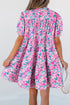Collared Half Placket Short Sleeve Loose Fit Floral Dress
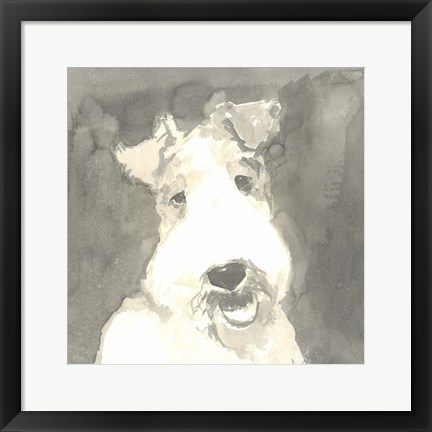 Framed Sepia Modern Dog VI Print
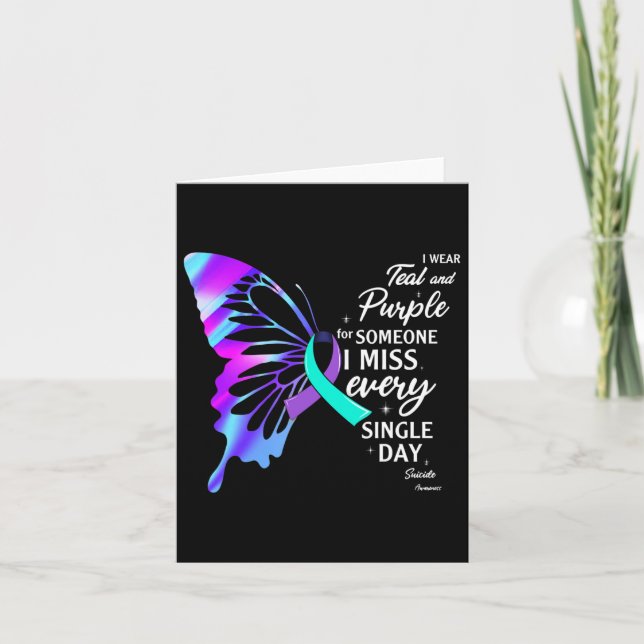 Carte Portez du sarcelle violet pour la prévention du su (Devant)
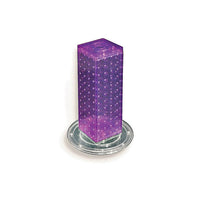 Azar Displays – Présentoir rotatif de comptoir à panneaux perforés sur 4 côtés, 4 x 4 x 12 (po), violet (700220-PUR)-Les quatre panneaux perforés s’emboîtent et reposent sur une base rotative en plastique transparent de 9 pouces de diamètre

EXERCISE - None of the pictures should appear, though every line of the data above must be reproduced exactly.

REPLY -
Collared Half Placket Short Sleeve Loose Fit Floral Dress
 Framed Sepia Modern Dog VI Print
 Carte Portez du sarcelle violet pour la prévention du su (Devant)
 Azar Displays – Présentoir rotatif de comptoir à panneaux perforés sur 4 côtés, 4 x 4 x 12 (po), violet (700220-PUR)-Les quatre panneaux perforés s’emboîtent et reposent sur une base rotative en plastique transparent de 9 pouces de diamètre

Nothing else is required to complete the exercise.